- _The task_: Make an exact transcript of the lines in the data below, starting with the one containing "BathroomsBathrooms,Residential,For Rent,Columbine,0,1004422 56" and going on through the one containing "八王子】昭和レトロな店内で、小さなお客様用クリームソーダ『カフェ", with both included and the pictures left out.

Source data: Begin

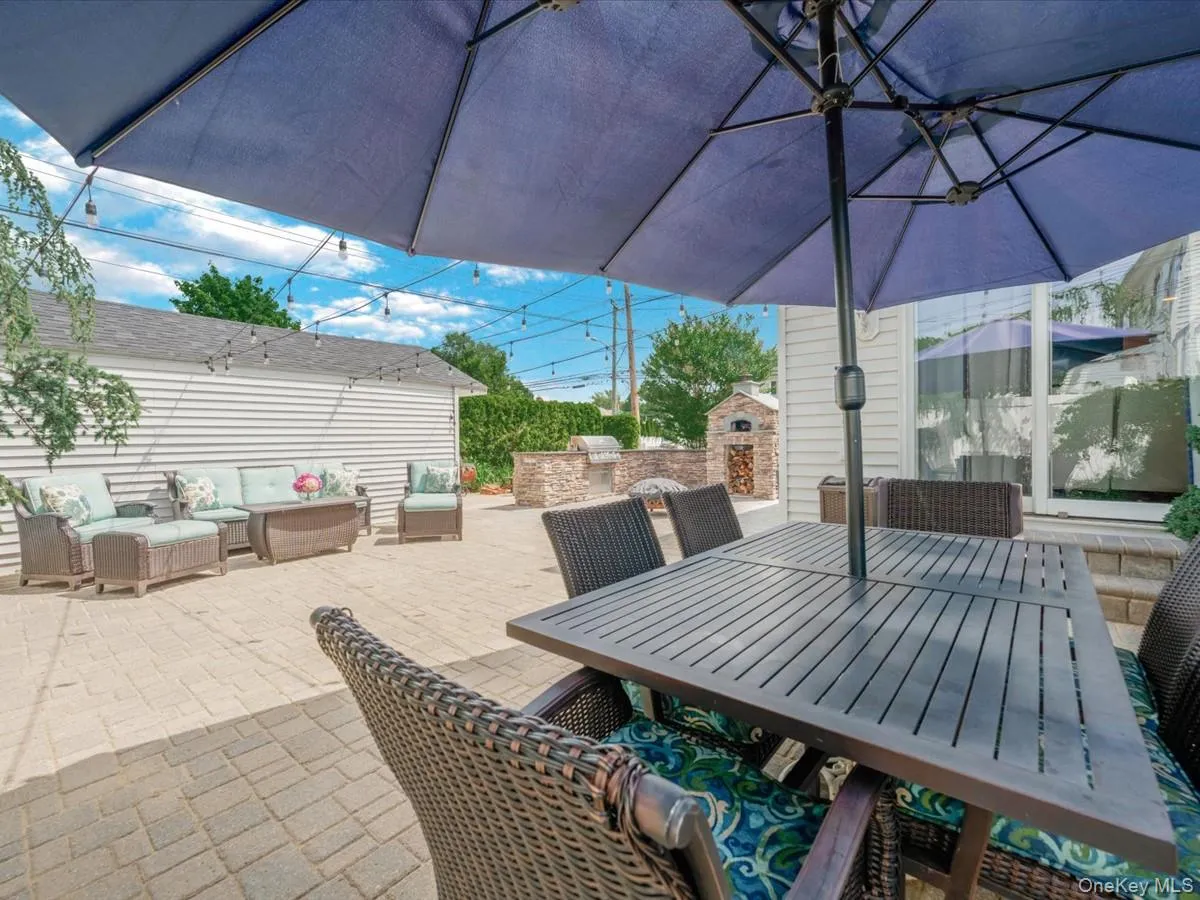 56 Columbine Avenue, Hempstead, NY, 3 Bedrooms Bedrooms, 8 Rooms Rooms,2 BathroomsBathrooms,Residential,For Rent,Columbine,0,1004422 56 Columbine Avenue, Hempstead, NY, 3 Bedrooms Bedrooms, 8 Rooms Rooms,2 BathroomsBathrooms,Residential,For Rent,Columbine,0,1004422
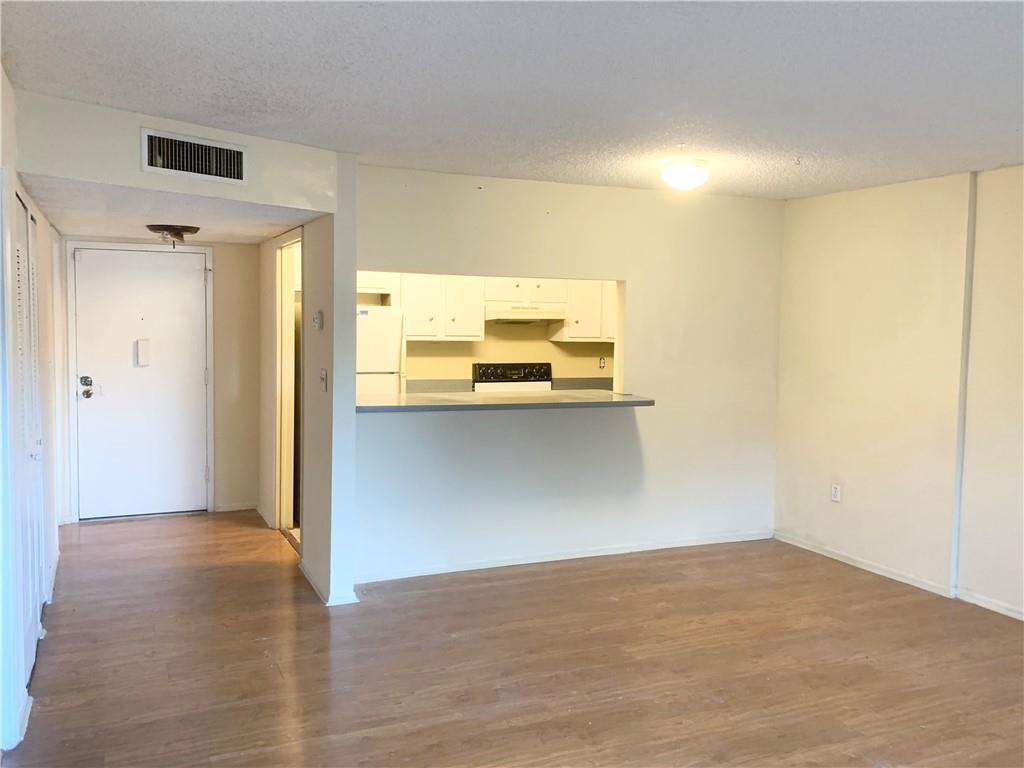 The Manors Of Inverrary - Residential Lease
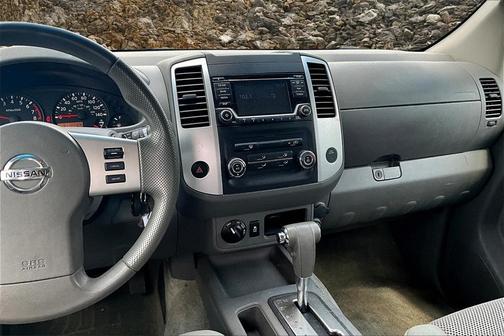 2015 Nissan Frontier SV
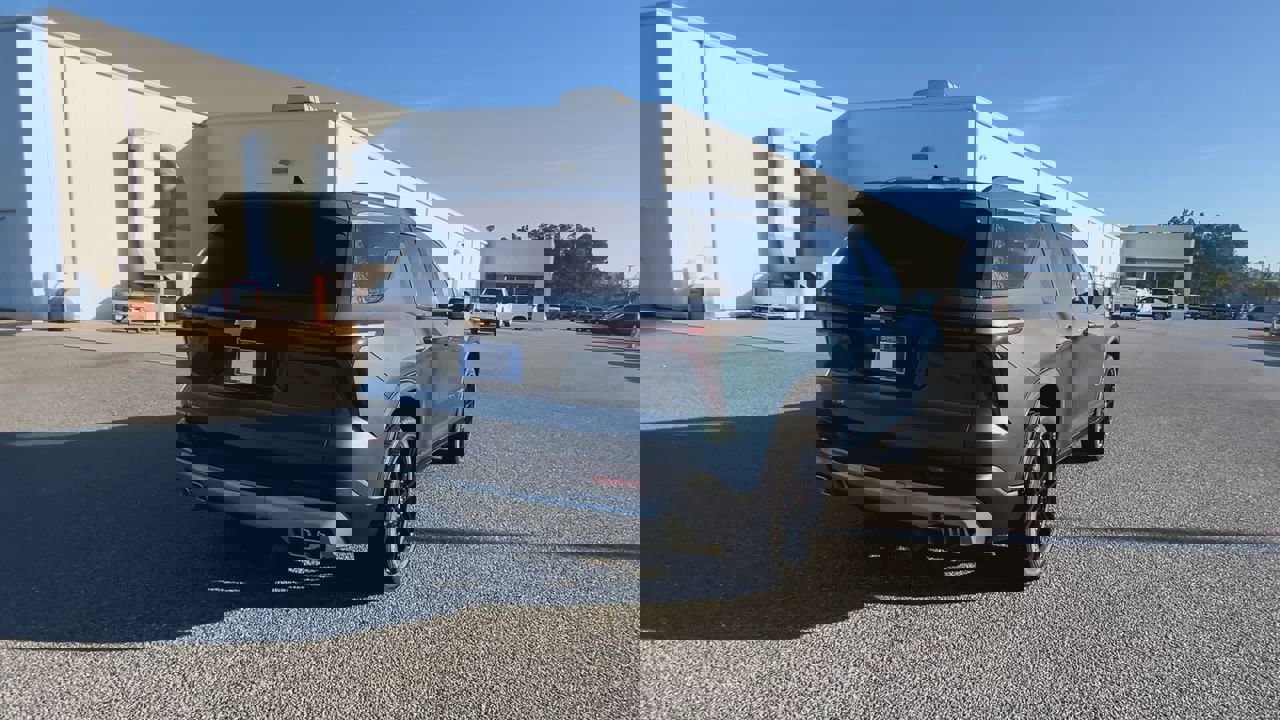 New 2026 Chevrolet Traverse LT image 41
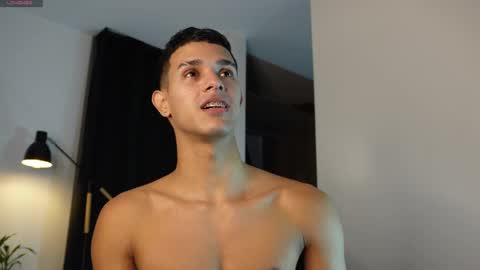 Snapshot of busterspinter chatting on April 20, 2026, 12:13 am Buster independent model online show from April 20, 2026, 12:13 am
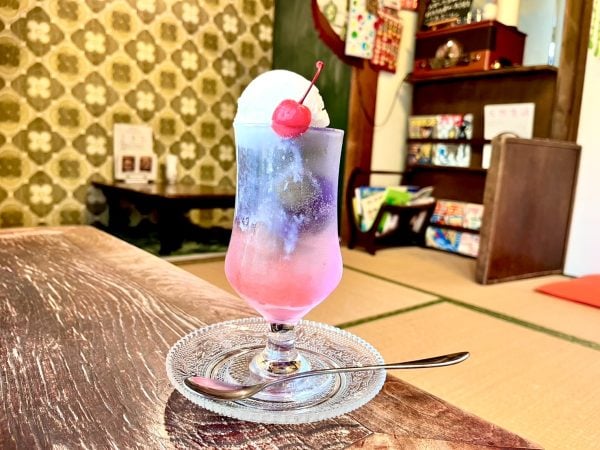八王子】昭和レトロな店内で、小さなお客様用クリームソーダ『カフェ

Source data: End
Source data: Begin

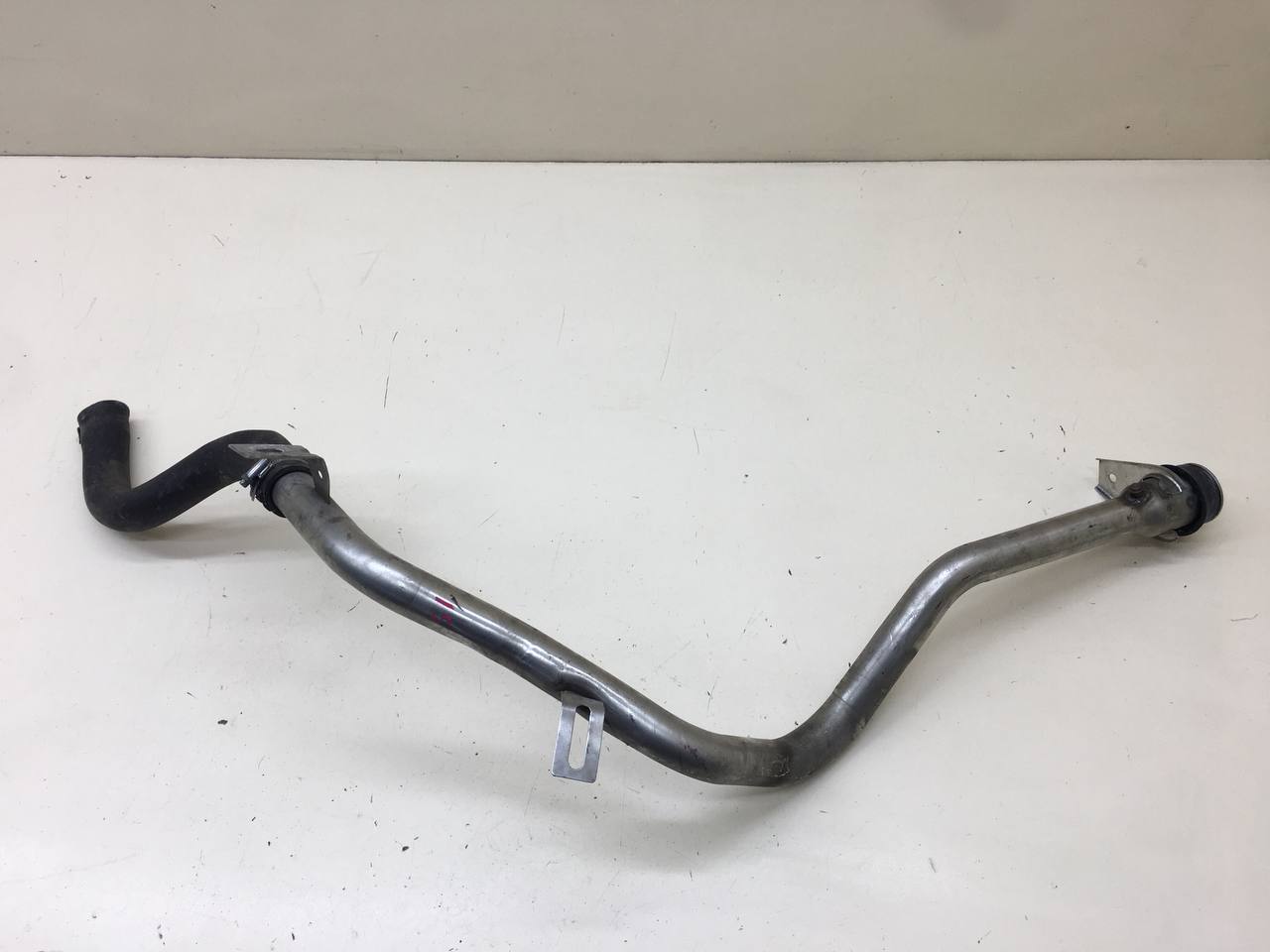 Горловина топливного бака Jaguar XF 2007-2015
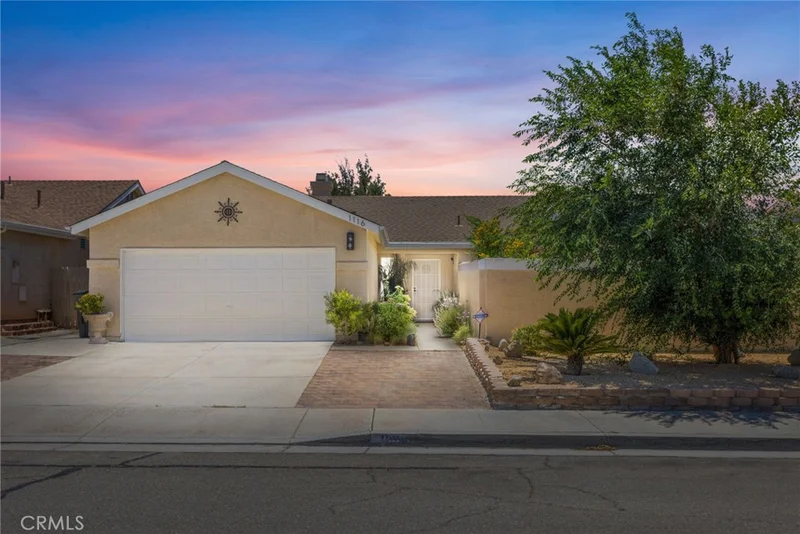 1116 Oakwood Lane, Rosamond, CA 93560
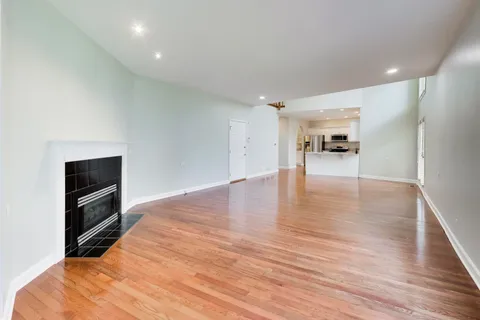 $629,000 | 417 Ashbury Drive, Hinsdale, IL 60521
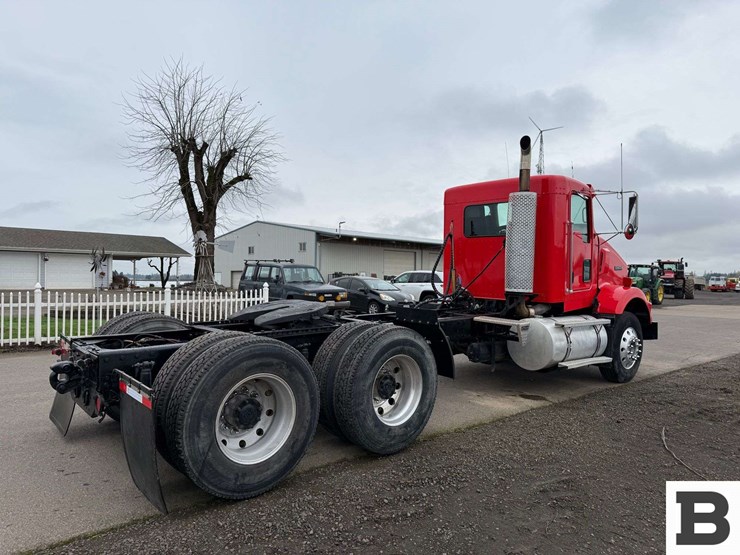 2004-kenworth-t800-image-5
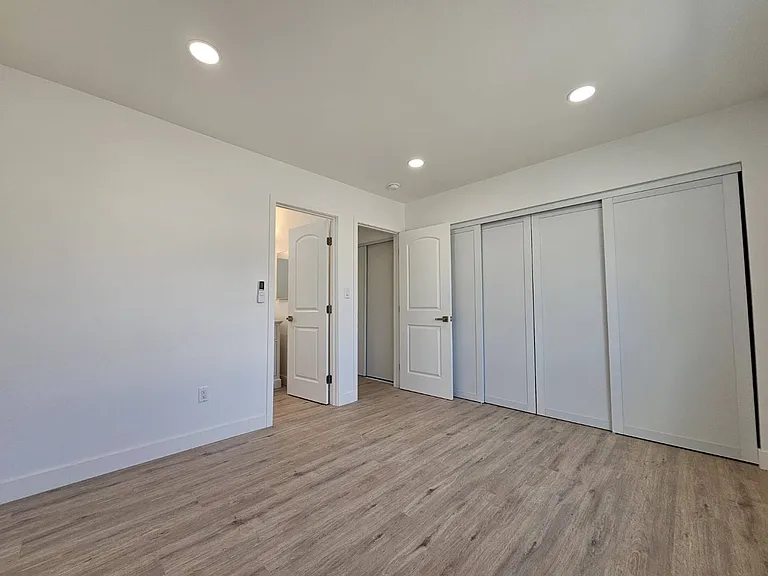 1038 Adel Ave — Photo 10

Source data: End
Source data: Begin

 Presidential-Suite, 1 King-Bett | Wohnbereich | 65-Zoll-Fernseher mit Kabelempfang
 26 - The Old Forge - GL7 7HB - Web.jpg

Source data: End

- _Written response_:
 56 Columbine Avenue, Hempstead, NY, 3 Bedrooms Bedrooms, 8 Rooms Rooms,2 BathroomsBathrooms,Residential,For Rent,Columbine,0,1004422 56 Columbine Avenue, Hempstead, NY, 3 Bedrooms Bedrooms, 8 Rooms Rooms,2 BathroomsBathrooms,Residential,For Rent,Columbine,0,1004422
 The Manors Of Inverrary - Residential Lease
 2015 Nissan Frontier SV
 New 2026 Chevrolet Traverse LT image 41
 Snapshot of busterspinter chatting on April 20, 2026, 12:13 am Buster independent model online show from April 20, 2026, 12:13 am
八王子】昭和レトロな店内で、小さなお客様用クリームソーダ『カフェ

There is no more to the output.